MS. GOODWIN: I mean, one has to hope so, that it's possible to do; as everybody was saying before, that the moral values of our nation are what we are known for abroad. I think the interesting question about why he wanted to look forward instead of back, I think he recognizes, as all leaders do, that you only have a certain number of resources in time, focus and imagination. And if the country goes off on a jag, you're going to lose--look at even now, we've been talking about torture this morning rather than maybe what should have been talked about if he had his way, which was this new speech that he just made about the importance of every time you have a tax increase you're going to have to use that to go for the tax cut. Every time you have a increased spending, you're going to have to have some sort of reduction in spending. That's a big thing he was talking about. You lose, you lose command of the airwaves with these things, and I think that was his initial instinct of hoping that somehow we could put this behind us. But once that elephant is in the room with that CIA memo...

..options are lost.

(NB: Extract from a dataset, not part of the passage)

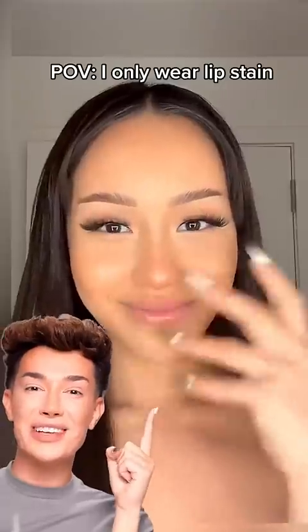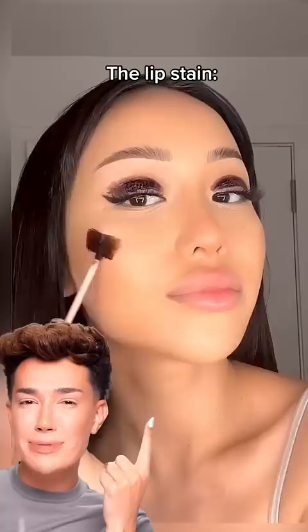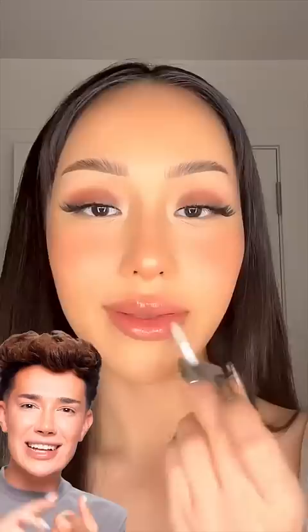This video recently went viral of this beautiful girl using a lip stain as a full face of makeup. I can't believe that no one's thought of this yet — a lip stain for your lips, cheeks, and eyes. Let's go ahead and try it out.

They're going to have to do something.

MR. MEACHAM: I disagree a little bit. I think that the, to go to your phrase of politics of looking back, is the mature thing to do. And if we are right about our first point that the people can handle a lot of things, then finding a smart, moderate, intelligent way to look back, find out what this history of these seven years can teach us about how to fight terrorism, as you say, can we do this and preserve our moral values? Well, Abraham Lincoln didn't. FDR didn't. Great war presidents have always committed great sins, whether it's suspending habeas corpus or detaining Japanese...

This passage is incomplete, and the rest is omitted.